One of Alice Cooper's finest studio efforts thanks mostly to producer Bob Ezrin who helped the band shape and refine their sound, retaining the eerie feel, while gaining a more commercial acceptance. The album was actually a mega-hit reaching the top of the US charts. Besides containing a ton of classics, "Billion Dollar Babies" includes the phenomenal "Generation Landslide," one of the band's best and most underrated songs. Not only does this disc rank at the top of Alice's catalogue, it is one of the best early hard rock albums ever. This particular reissue contains a bonus disc of excellent live cuts and some equally cool demo gems. Most of this material was recorded in '73, so the original band is featured, whereas Alice's first official live disc, The Alice Cooper Show, featured none of the original members. The digi-pack artwork attempts to bring back the original feel of the foldout cover art, right down to the perforated pics of the band. Also included a 24 page booklet with bio, lyrics, photos, etc. Only thing that is missing is the paper dollar that was included with the original vinyl release, although it is pictured on the inside of the sleeve.

Megadeth covered "No More Mr. Nice Guy" on their 'Hidden Treasures' disc.

Muscle of Love Alice Cooper-Muscle of Love (Warner Bros.) 1973

1. "Big Apple Dreamin' (Hippo)" (5:10)
2. "Never Been Sold Before" (4:28)
3. "Hard Hearted Alice" (4:53)
4. "Crazy Little Child" (5:03)
5. "Working Up A Sweat" (3:32)
6. "Muscle of Love" (3:45)
7. "Man With the Golden Gun" (4:12)
8. "Teenage Lament '74" (3:53)
9. "Woman Machine" (4:32)

I've always liked this album, but most reviews I have read seem to imply that 'Muscle of Love' was a disappointment at the time of it's release. This may be partially why this album was the last for the original Alice Cooper group.
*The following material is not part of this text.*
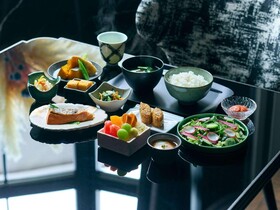 Hotel Sosei Sapporo - MGallery Collection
What's odd about all this is that the album actually was certified gold and was a top ten success. Part of the problem may have been that long time produced Bob Ezrin was not on board for this project. Another problem may have been the lack of a clear theme as in past albums like 'School's Out' and 'Billion Dollar Babies.' Still, as I said, I really like this disc and I think it was just a misunderstood and underrated album. From the Led Zeppelin inspired opening, through classics like the title tracks, "Teenage Lament '74" and album closer "Woman Machine" the whole album is quite coherent and enjoyable. One other interesting, but useless facts: "Man With the Golden Gun" was written for the James Bond movie of the same name, but rejected.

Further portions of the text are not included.